Yep, A&M baseball coach Rob Childress did it just to spite me. He sent Alex Wilson out for the eighth last weekend against Tech, even though he finished the seventh at 99 pitches with 9 strikeouts. He sent him out for the eighth, Wilson got up to 115 pitches (a season high) and my theory about their usage patterns is blown. Wilson still displayed his usual control, walking one with his 10 punchouts. Still, he gave up five runs in a barnburner of a game that featured gusting winds.

So, since my theory was put to the test, let's look at A&M's other phenom, Brooks Raley. The dude plays right field when he's not pitching on Friday nights. He's good. But, I'm interested to see how Childress maintains his workload this season. Let's look at his starts so far.

1st game: 6 IP, 5 hits, 1 ER, 1 walk, 6 strikeouts, 79 pitches
2nd game: 6 IP, 5 hits, 2 ER, 4 walks, 2 strikeouts, 82 pitches
3rd game: 6 IP, 5 hits, 2 ER, 2 walks, 8 strikeouts, 84 pitches
4th game: 8 IP, 4 hits, 1 ER, 1 walk, 9 strikeouts, 115 pitches
5th game: 7 IP, 7 hits, 2 ER, 2 walks, 9 strikeouts, 114 pitches
6th game: 7 IP, 3 hits, 0 ER, 2 walks, 12 strikeouts, 111 pitches
7th game: 6 IP, 6 hits, 0 ER, 0 walks, 4 strikeouts, 96 pitches

Early in the season, Childress was clearly using him sparingly. Raley didn't get out of the sixth inning until his fourth start. Coincidentally, that was also the first start when the weather started getting warmer. The next few games show that Childress had no qualms about throwing Raley out there after he's close to 100 pitches. He's like Wilson in that he doesn't walk many batters, which I'm guessing means Childress wouldn't mind running him out there because he knows his pitch count can't jump up too much.

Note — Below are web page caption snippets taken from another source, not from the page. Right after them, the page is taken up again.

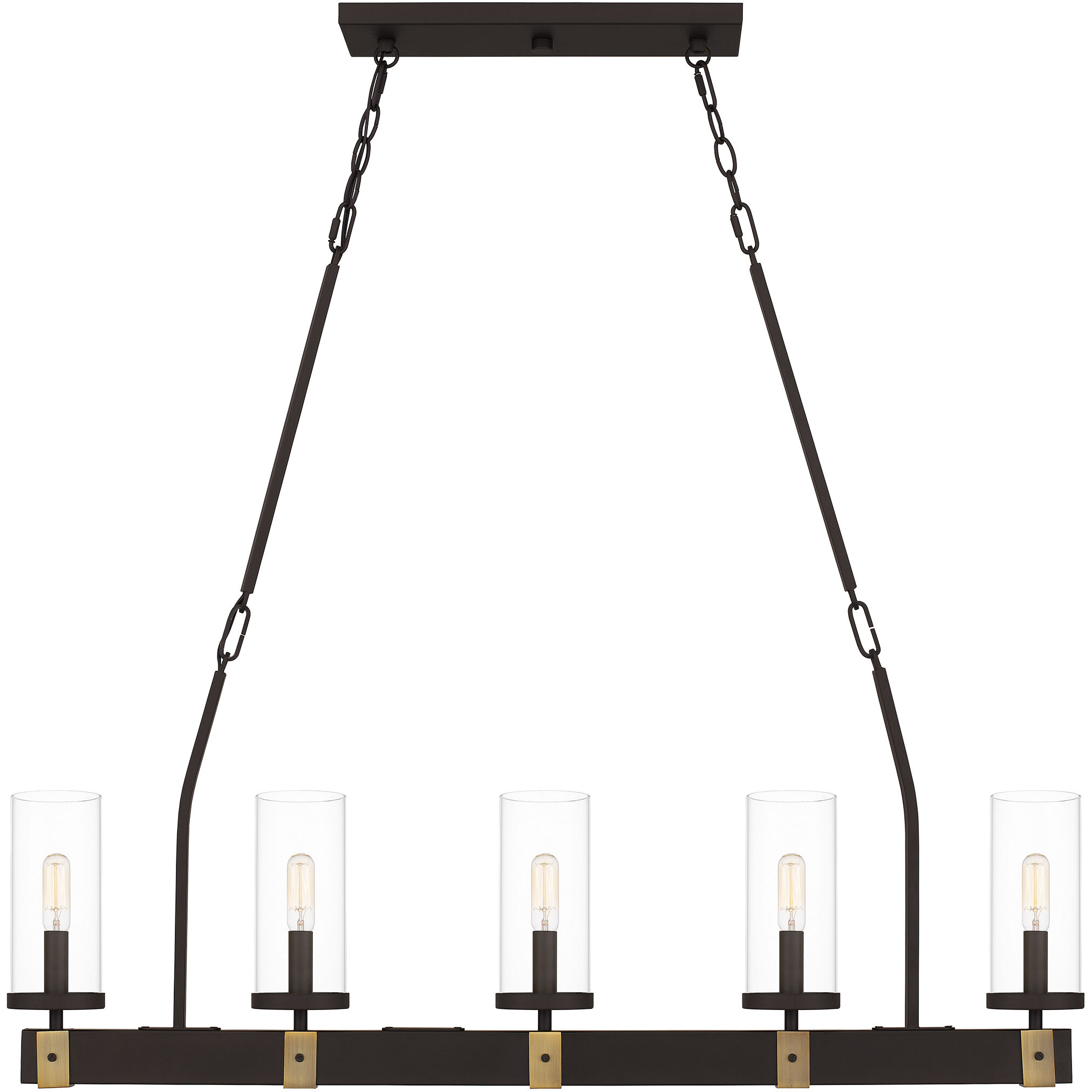 Lisbon 5 Light 39.5 inch Old Bronze Island Light Ceiling Light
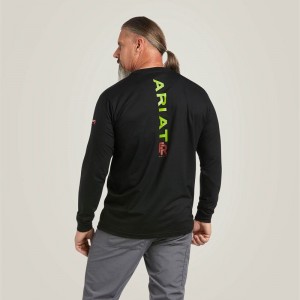 Ariat Fr Stretch Logo T-Shirt Black/Lime Polska | BGNPER-124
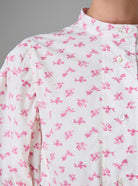 Detail of Yvonne Midi Dress Stuart-Inspired Sleeves Cottage Print Old Rose Hue by Thierry Colson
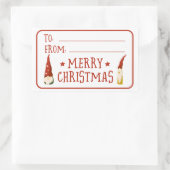 Weihnachtsgeschenk Niedliche Gnome zu Rechteckiger Aufkleber (Tasche)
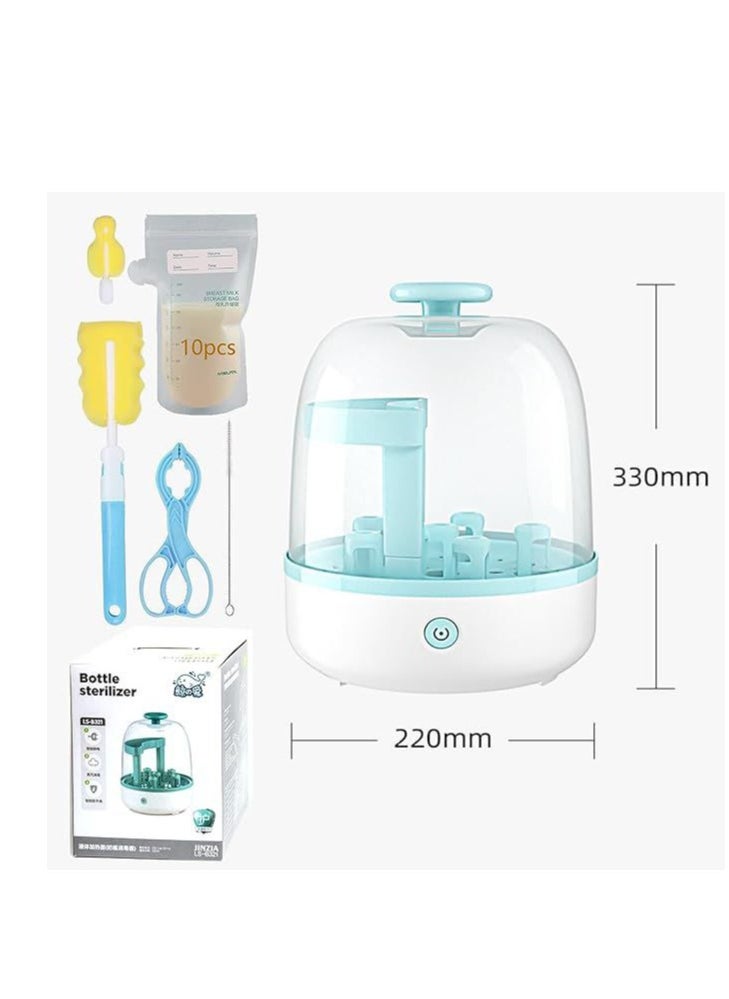 Bottle Sterilizer, Baby Bottle Steam Sterilizer Sanitizer For Baby Bottles Pacifiers Breast Pumps Large Capacity And 99.99% Cleaned In 8 Mins,Large Capacity, One Button Control, BPA-Free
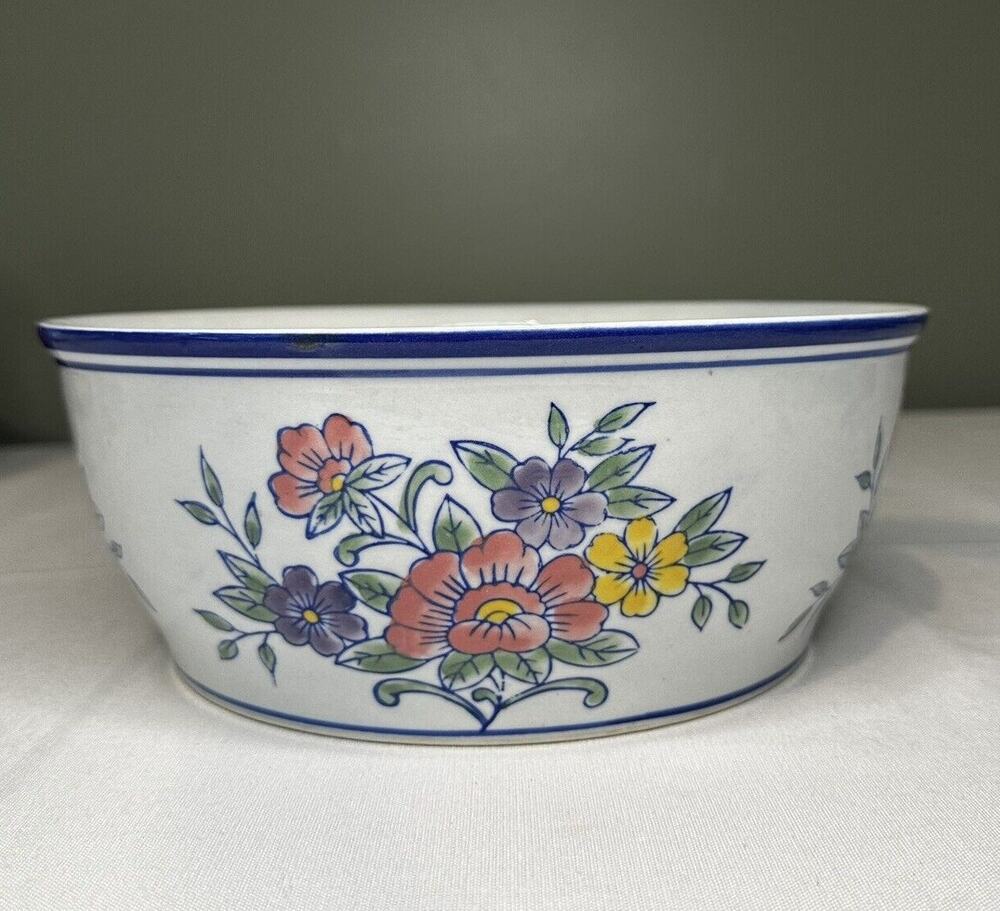 Chinoiserie Ceramic Asian Floral Flower Planter Fruit bowl  Vintage Cottagecore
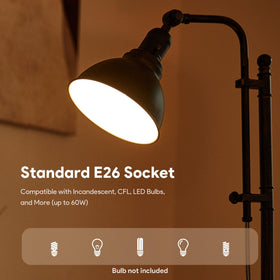 VONLUCE Rustic Desk Lamp Edison bulb-ready for authentic ambiance (bulb not included).
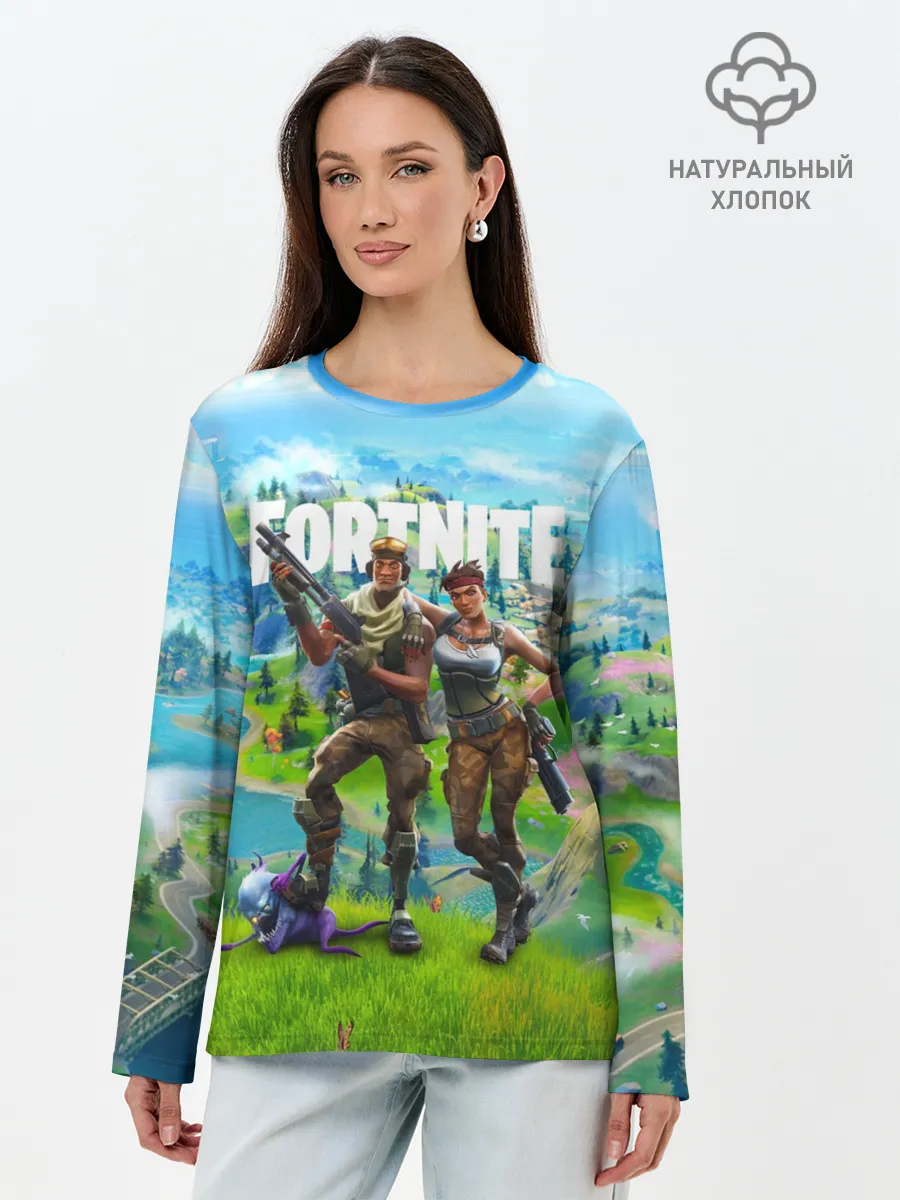 Лонгслив женский. Хлопок / Fortnite
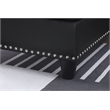 Devion Furniture Faux Leather Sectional Sofa with Ottoman-Black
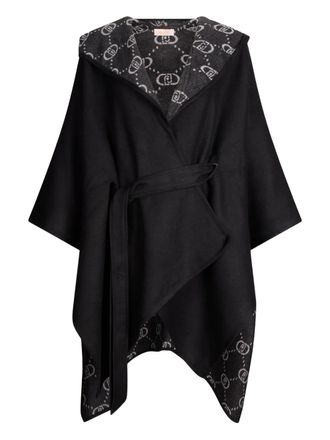Liu Jo hooded poncho - women - Polyester/Viscose - OS - Black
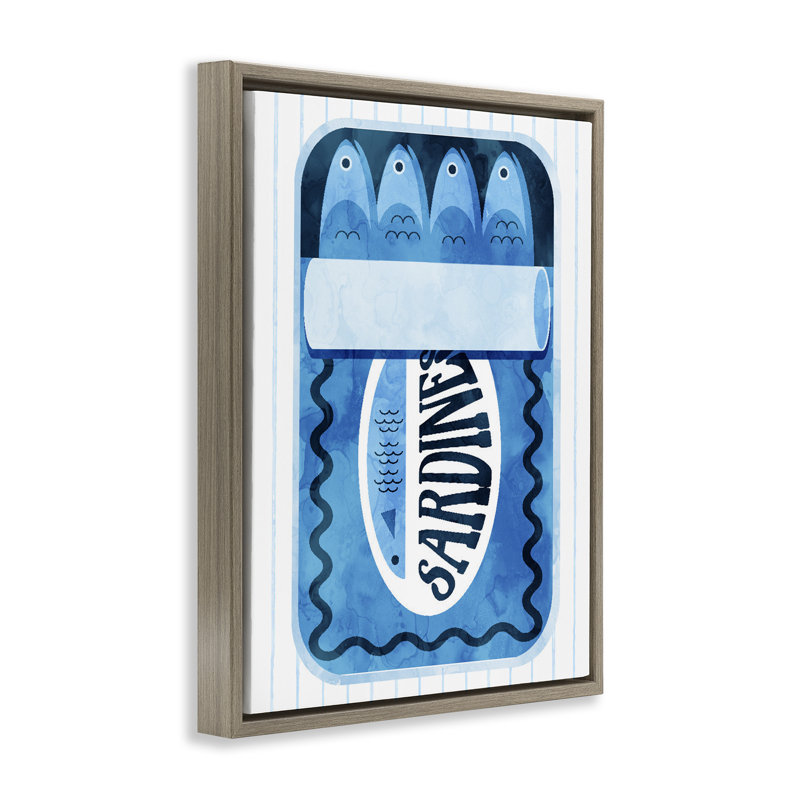 Cadre flottant bleu sardines en conserve, design par Lil 'Rue, H 21 po x l 17 po, Cadre flottant orme Montalcino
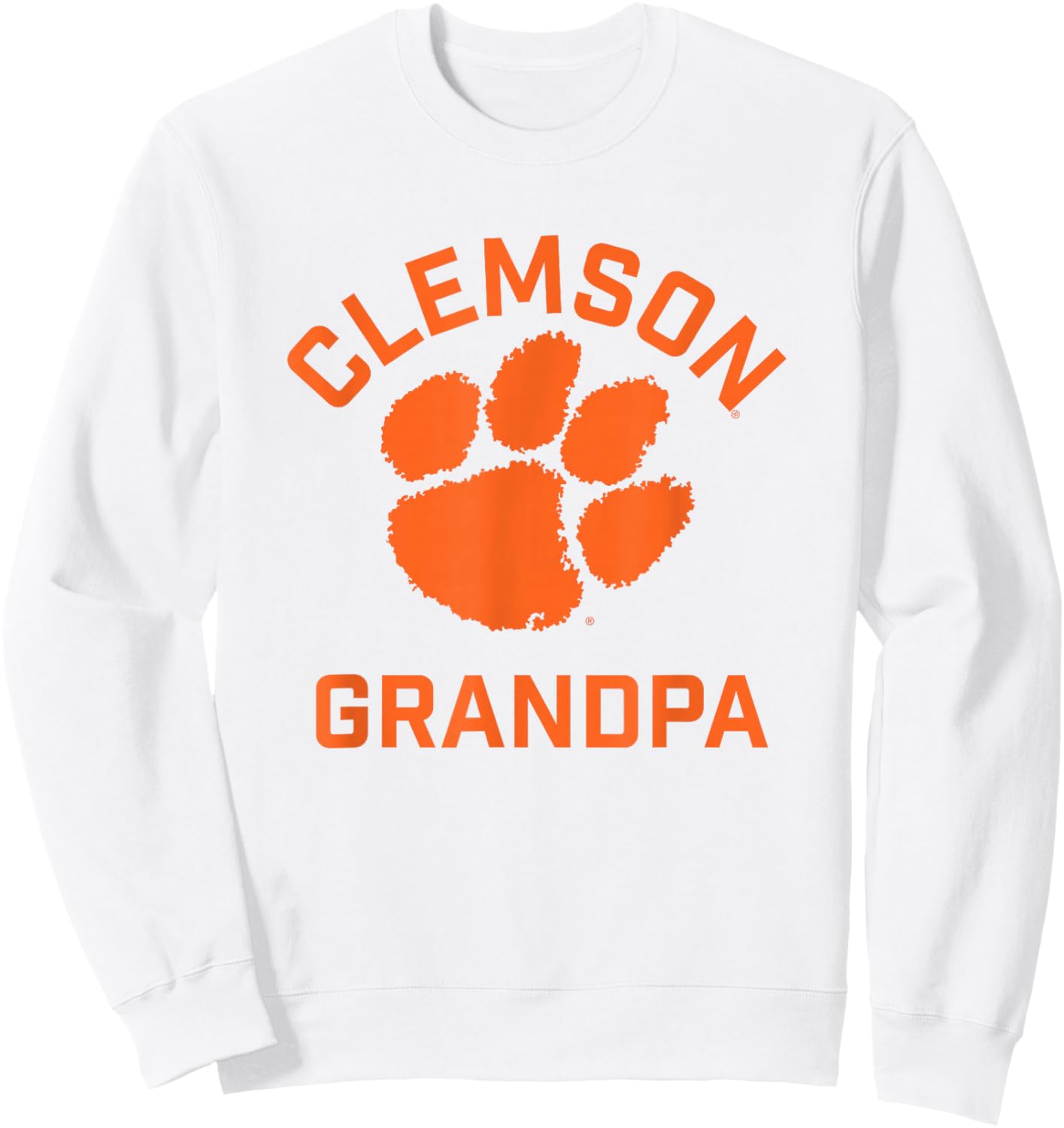 Clemson University Tigers Arched Grandpa Sweatshirt - Sweatshirt | White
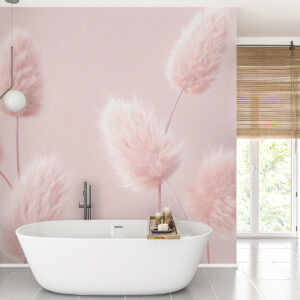 Carta da parati Fiori secchi rosa in stile boho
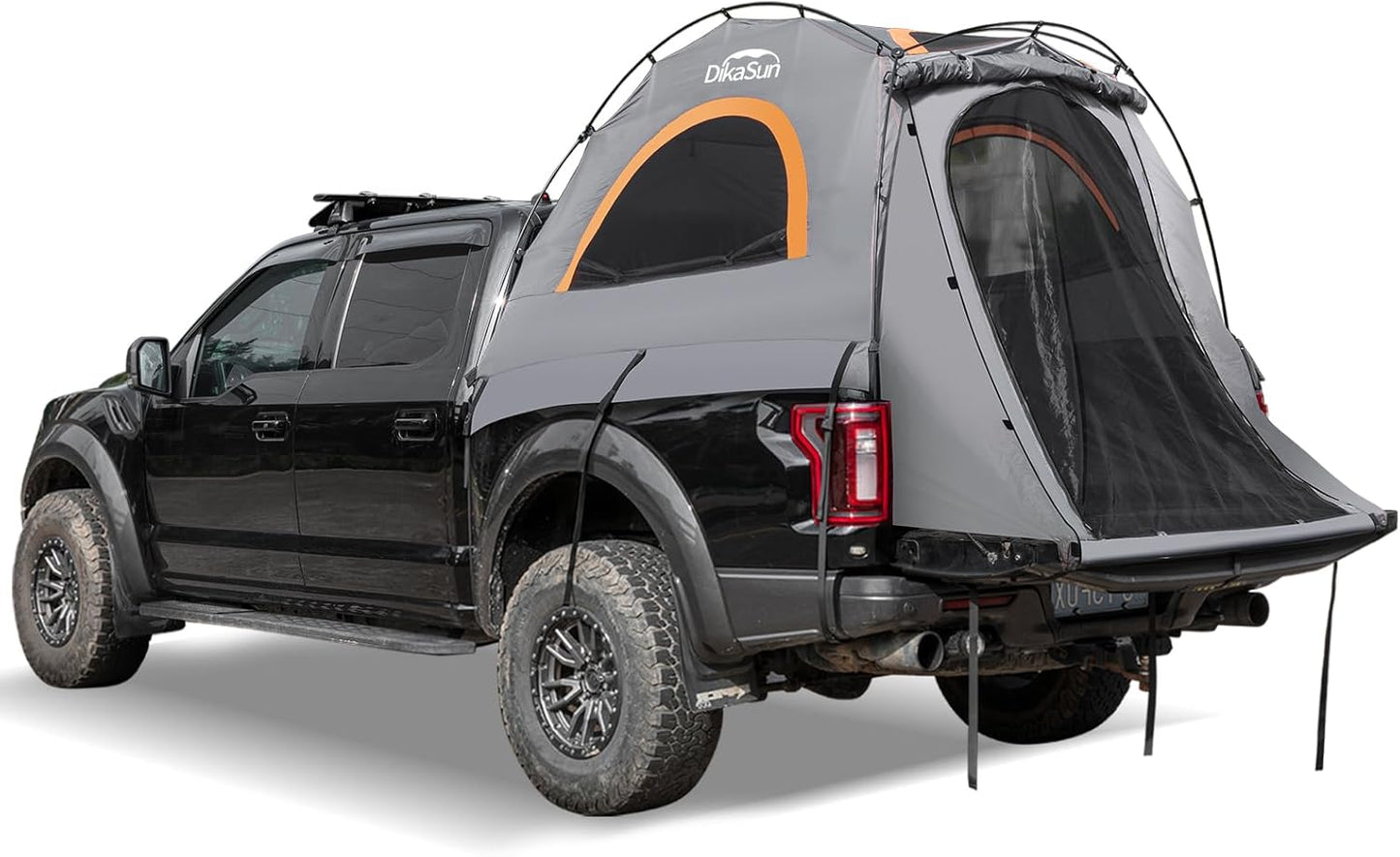 DikaSun Double Layer Pickup Truck Tent: Quick Setup, Waterproof & Tear-Resistant for Camping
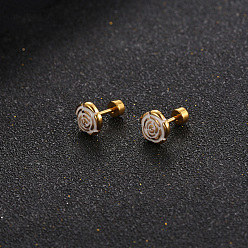 Белый Серьги-гвоздики из нержавеющей стали с эмалью в форме розы, золотые, белые, 304 мм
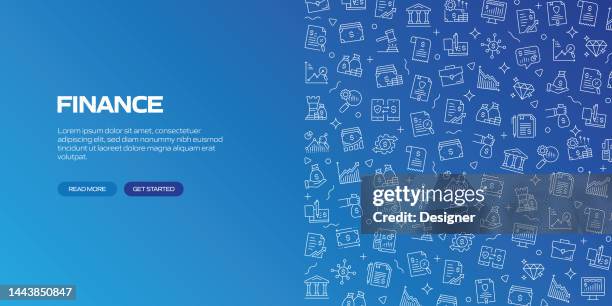 stockillustraties, clipart, cartoons en iconen met finance web banner with linear icons, trendy linear style vector - accountant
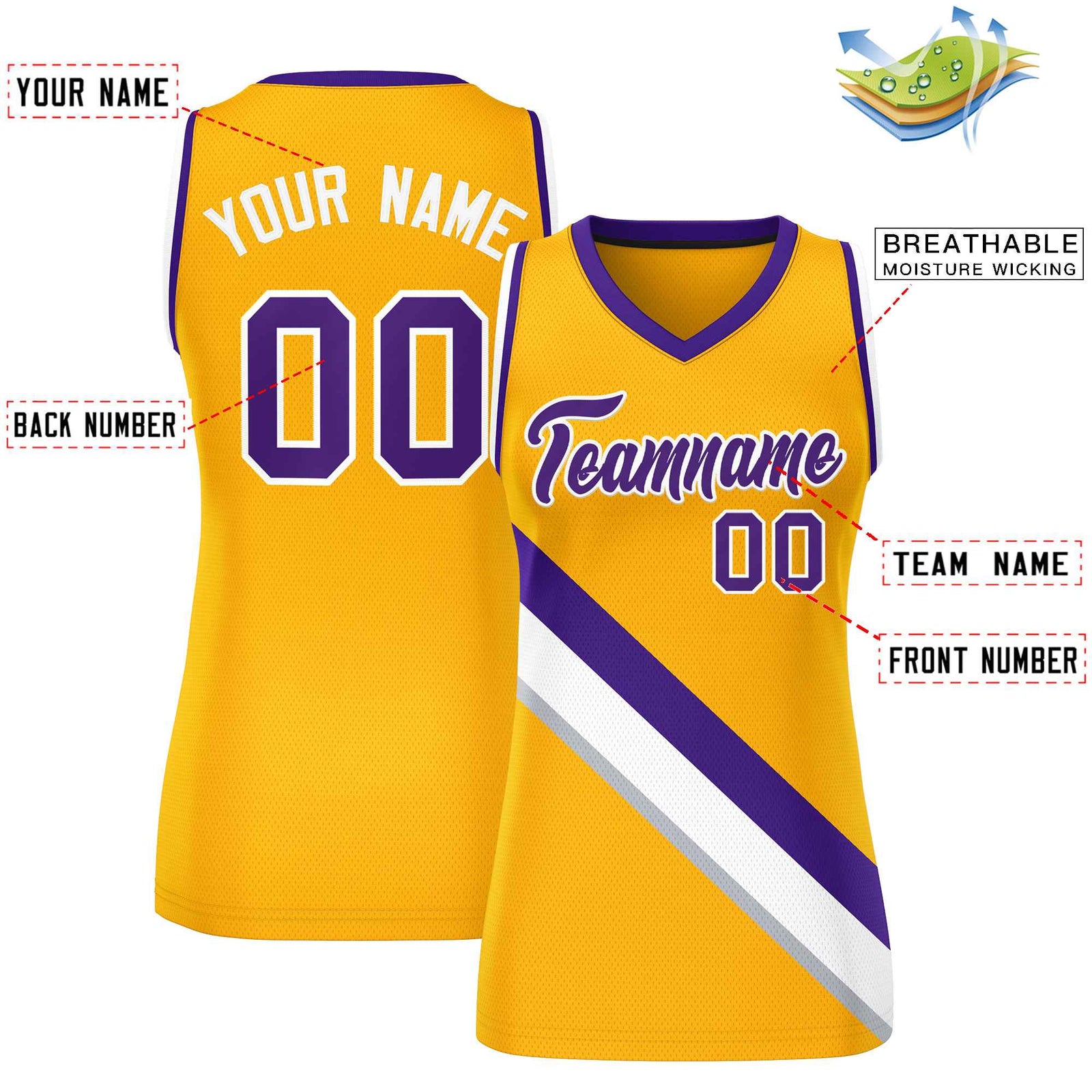 Custom Yellow Purple-White Thick Slash Fashion Tops Mesh Basketball Jersey For Women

I just don't know what to make of his strikeout totals. Last season, Raley pitched 92 innings and only struck out 68 batters. He still only walked 2.64 batters per 9 innings, but his low strikeout totals suggests that he doesn't have overpowering stuff when he's on. He may be able to get hitters fooled from time to time, and judging by his total this year, may be learning to be a pitcher instead of a thrower. Still, of the two, Wilson probably has the best pure stuff. I'll definitely get a look at both of them before too long (possibly this weekend) and have a better idea of how they compare.